Becky (aka “Pippa Hufflepuff”)

July 19, 2018


“God said to Moses, ‘I AM who I AM.’ And He said, ‘Say this to the people of Israel, I AM has sent me to you’”
~Exodus 3:14

Dear Friends:
Two small words; three simple letters – “I AM.”

The Lord tells us repeatedly in His Word that He is the great “I AM.”  He never added anything else to that statement.  God’s unvarnished, powerfully simplistic, two small words say everything. They assure us that not one miraculous trait defining our God could ever be left out. “I AM,” says it all. The magnitude of that is amazing – HE JUST IS!

“I AM” is in Hebrew, Yahweh, four consonants (yhwh) that make up the phrase. It is the holiest name for God in the Old Testament. To think that the Lord has given us a name to identify Him at all indicates He is personal and has a real relationship with mankind.

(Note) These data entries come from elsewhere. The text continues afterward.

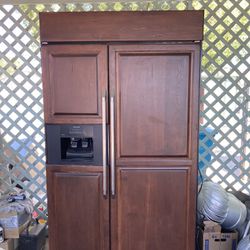 Refrigerator In Good Working Conditions $1500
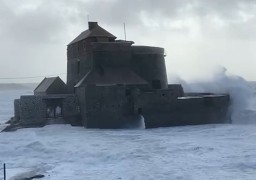 La tempète Eunice souffle comme prévue, Prudence.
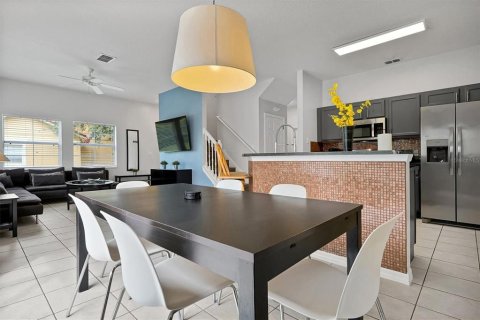 Touwnhouse à vendre à Kissimmee, Floride: 4 chambres, 151.99 m2 № 2400981 - photo 9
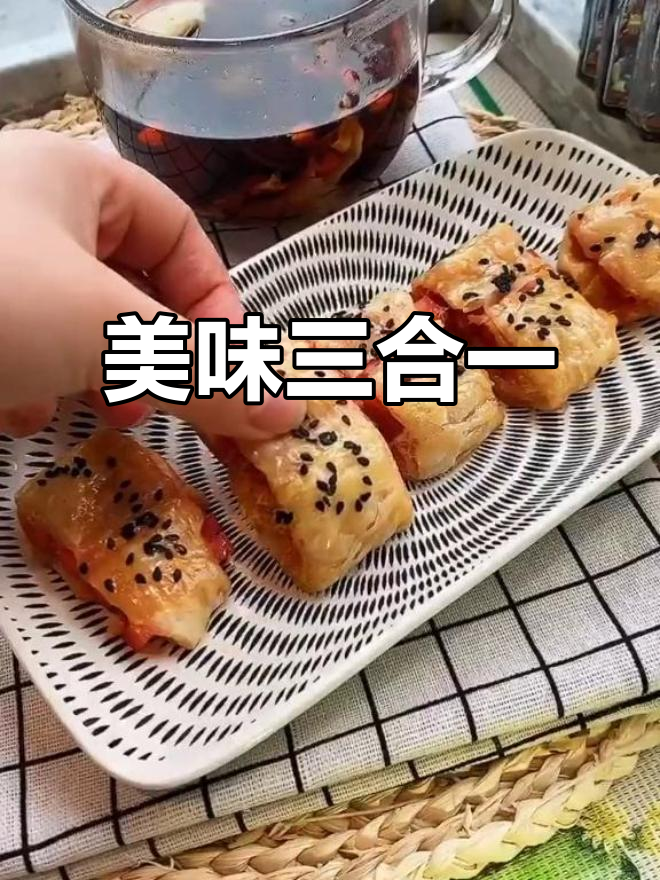 火腿肠、肉松与手抓饼的完美组合,味道超赞!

God is our loving, kind Teacher. He is our Friend, Savior, and Counselor. He is our Bountiful Provider when we fall on hard times. God is our Divine Healer when we are sick. He is our Mighty Protector who guards us and keeps us safe and free from harm. God is the Prince and Author of Peace.  He is our Deliverer. He is our Dwelling Place. He fulfills our dreams. He validates us. He is our hope and our future. God is our infallible guide on this path of life. He is the very essence of our being, and He is the definition of pure love. He is, after all, our Father, the great “I AM.”

Next week for VBS, Liberty will welcome 300 children through our doors, who will be introduced to the Great I AM. They will travel through the ancient land of Canaan touring the many sites Moses and the Israelites experienced the miracles of God. Stops along the way include: Moses at the Burning Bush, God’s provisions of food and water in the desert, the receiving of the Ten Commandments, and the witness of the Transfiguration of Jesus. All will see God is faithful to His people, providing food and water, laws and life. Through the examples in the Old Testament, kids will understand that Jesus is given to us as our personal I AM. God gave us Jesus to provide us with sustenance, order and eternal life.

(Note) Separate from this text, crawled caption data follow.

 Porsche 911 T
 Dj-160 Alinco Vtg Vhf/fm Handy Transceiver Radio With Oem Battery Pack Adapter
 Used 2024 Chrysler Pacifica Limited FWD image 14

Jesus, His identity and nature, claim that He is the Messiah, (before Abraham was I AM – John 8:48-49). He is the One who satisfies, (the Bread of Life – John 6:35). He is the Living Water, (John 7:37-38). Jesus is the Word, (John 1: 1-5); and the Resurrection and the Life, (John 11). Jesus is God in the flesh and that’s what it means when Christ says, “I am.”

Jesus said, “I am the way, the truth, and the life. No one comes to the Father except through Me.” (John 14:6) In John 6:44, He says, “No one can come to Me unless the Father who sent Me draws him.” This is how we come to God. God never changes, but He does interact with real people, just like He revealed Himself to Moses. He urges us to receive His Son, Jesus Christ, as the fulfillment of our life, the One who can forgive our sins, the One who can give us eternal life.

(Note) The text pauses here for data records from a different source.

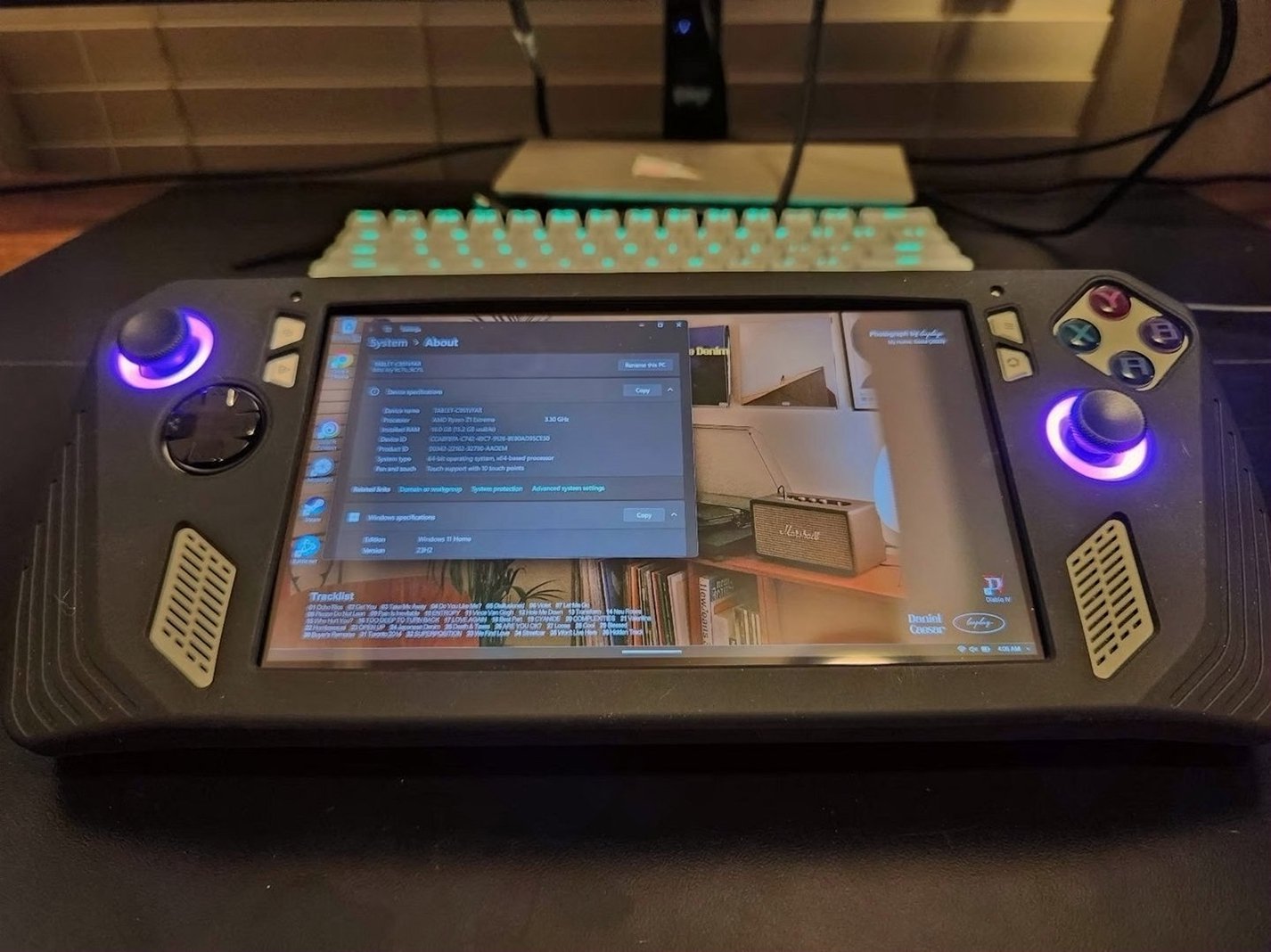 Asus ROG Ally Z1 Extreme Bundle 128GB Unlocked - Used
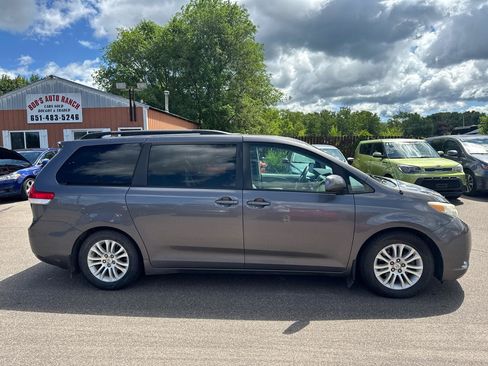 Used 2011 Toyota Sienna XLE FWD image 4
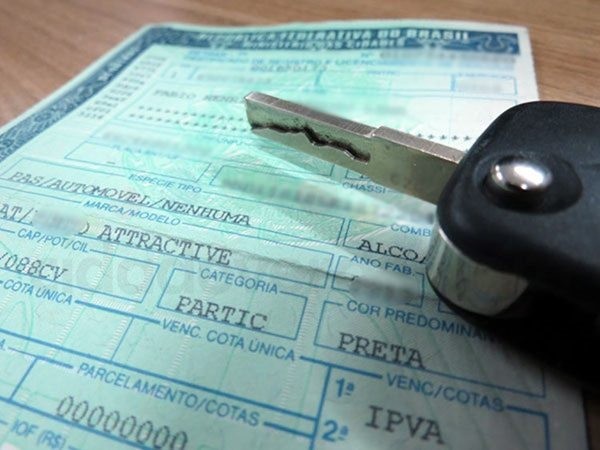 Transferência de veículos poderá ser feita pelo celular na Bahia; entenda a novidade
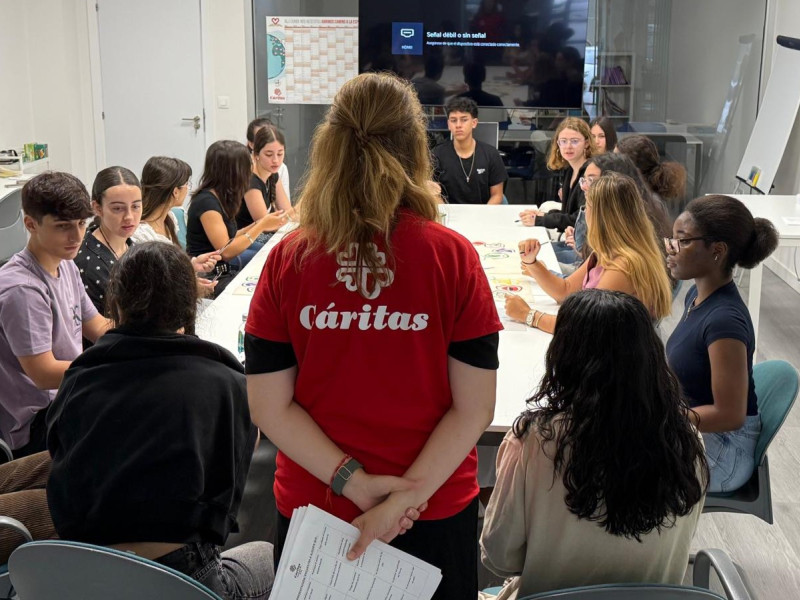 Un grupo de jóvenes durante la sesión impartida por Cáritas en las jornadas celebradas en Avilés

Please join me in prayer this week to remain mindful that God is active in our lives as we spread the Gospel message. It is our hope that each participant of the Great I AM develops a personal relationship, talks with Him and prays without ceasing. Amen.


July 12, 2018


“As the Deer longs for streams of water,
so I long for you O God.
I thirst for God, the living God,
When can I go and stand before the Lord?”
~Psalm 42:1-2

Dear Friends:

A few weeks ago as summer began, we published a plan (Remember?) for continuing with the discipline of Bible reading that you developed over this past year during Long Story Short. Simply by reading one chapter each day, you could read nearly 100 additional chapters of Scripture’s big story. A significant portion of the readings come from the Book of Psalms, the prayer book of the Bible.

Have you ever wondered what Jesus prayed? The Gospels tell us that Jesus prayed using the Psalms. In fact, most of the times when Jesus quotes Scripture, he is quoting the Psalms. How about the Apostle Paul? Once again, Paul often quotes the book of Psalms in his letters. For centuries, Christians have seen the Psalms as a treasury of prayers and as a model for faithful prayer in all of life’s circumstances. The Psalms are a gift that can help us learn rhythms of prayer.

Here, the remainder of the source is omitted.